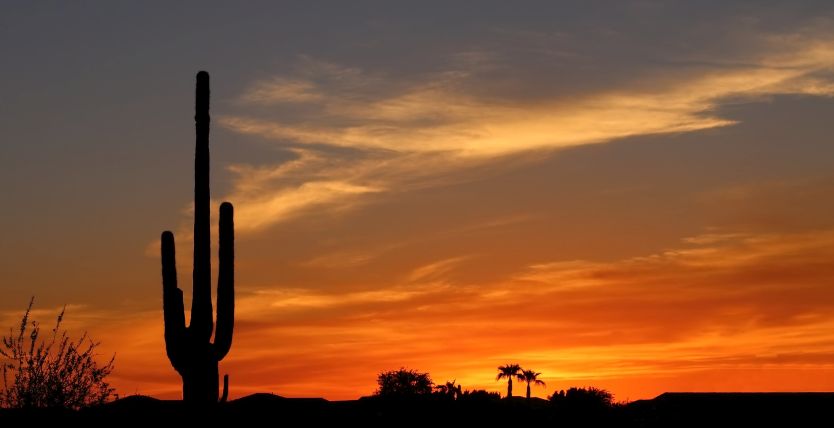 A sunset in the western United States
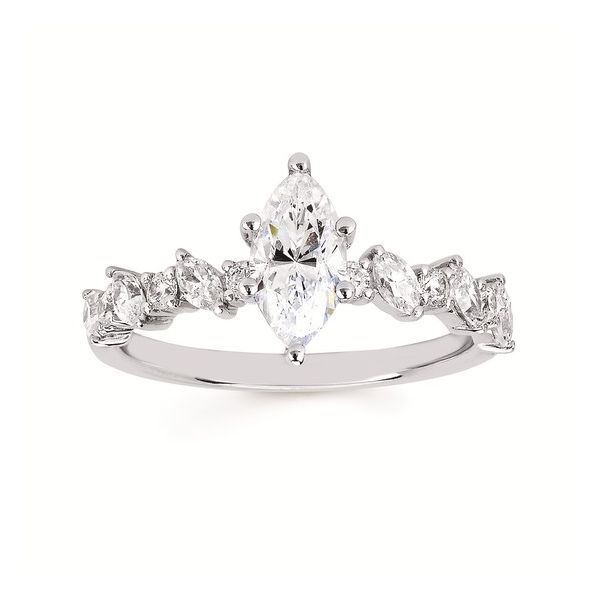 Marquise and Round Diamond Engagement Ring Hogan's Jewelers Gaylord, MI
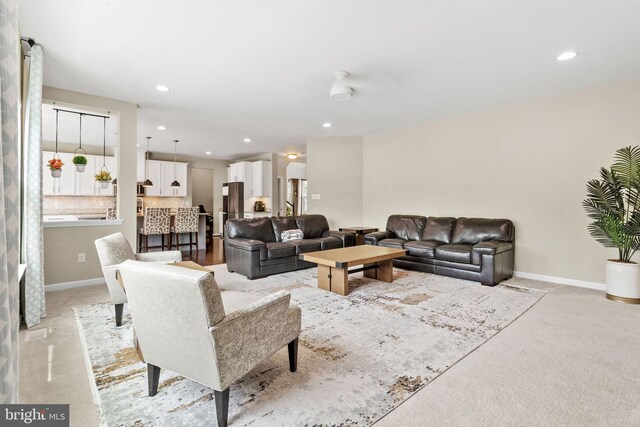 29 Carrington Way, Marlton, NJ 08053 - living area featuring light carpet and recessed lighting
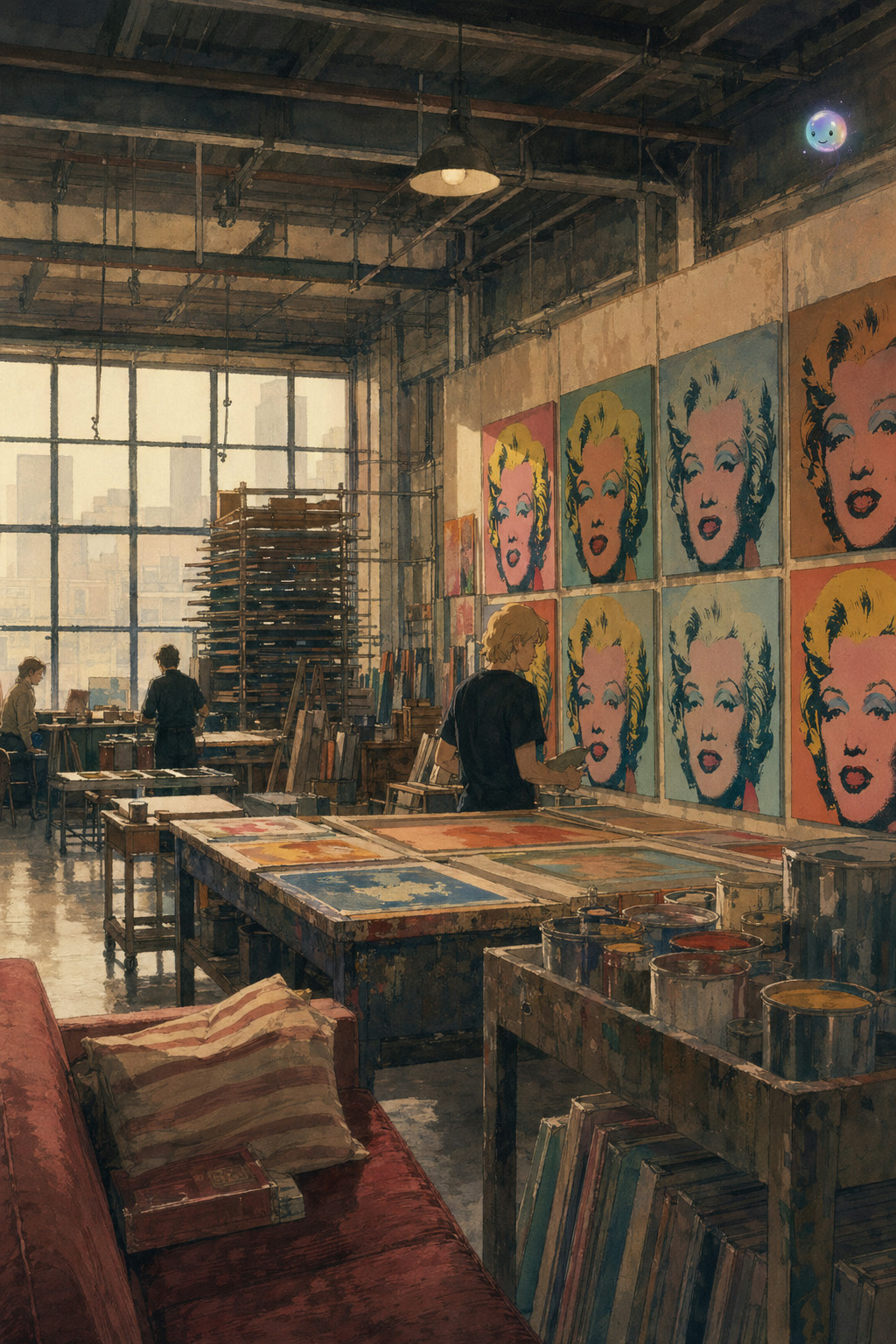 Foto realista metallic installation Andy Warhol factory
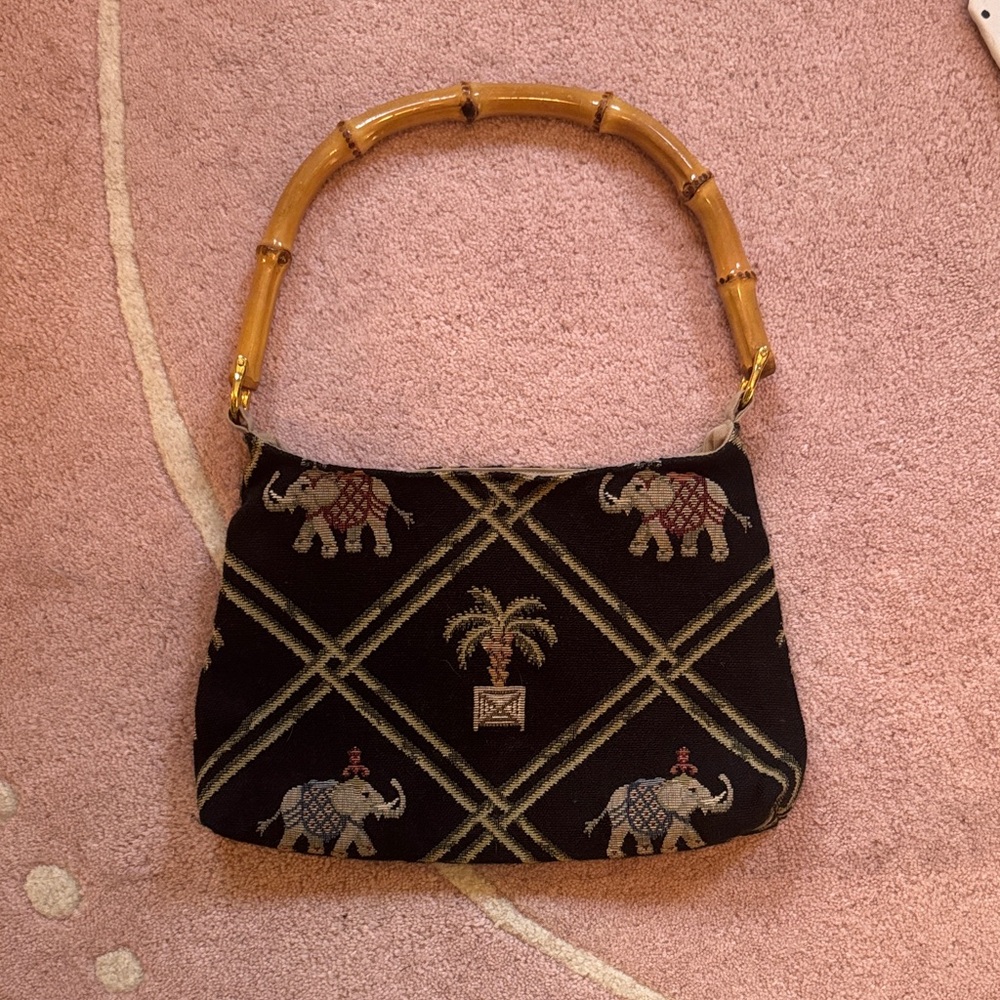 Elegant Elephant Patterned Shoulder Bag with Bamboo Handle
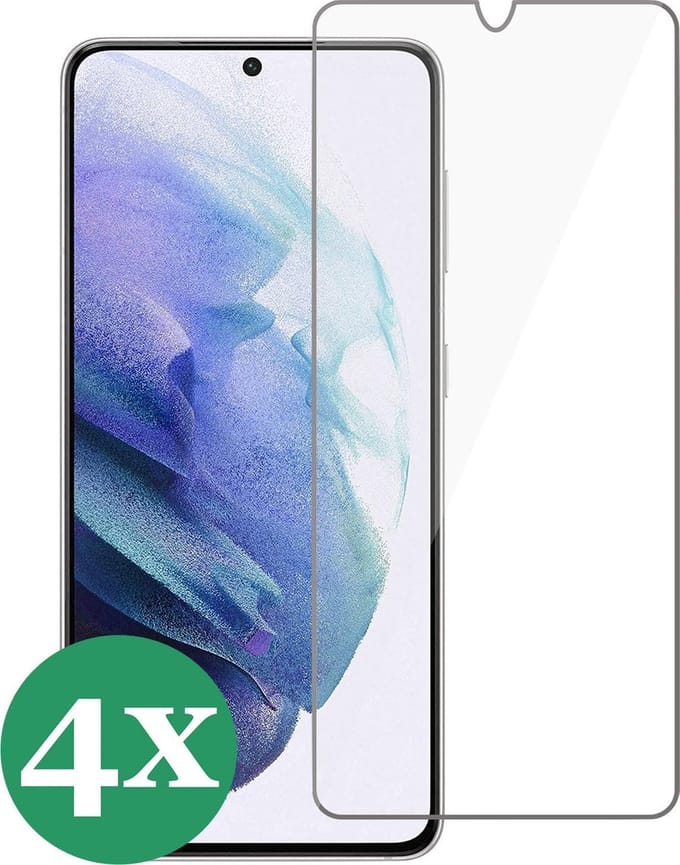 Screenprotector geschikt voor Samsung Galaxy S21 FE - Screen Protector Glas Beschermglas - 4 Stuks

**About this exercise:** Output each record above exactly as it stands, excluding all pictures.

**Answer for this exercise:**
 A sunset in the western United States
 Marquise and Round Diamond Engagement Ring Hogan's Jewelers Gaylord, MI
 29 Carrington Way, Marlton, NJ 08053 - living area featuring light carpet and recessed lighting
 Foto realista metallic installation Andy Warhol factory
 Elegant Elephant Patterned Shoulder Bag with Bamboo Handle
 Screenprotector geschikt voor Samsung Galaxy S21 FE - Screen Protector Glas Beschermglas - 4 Stuks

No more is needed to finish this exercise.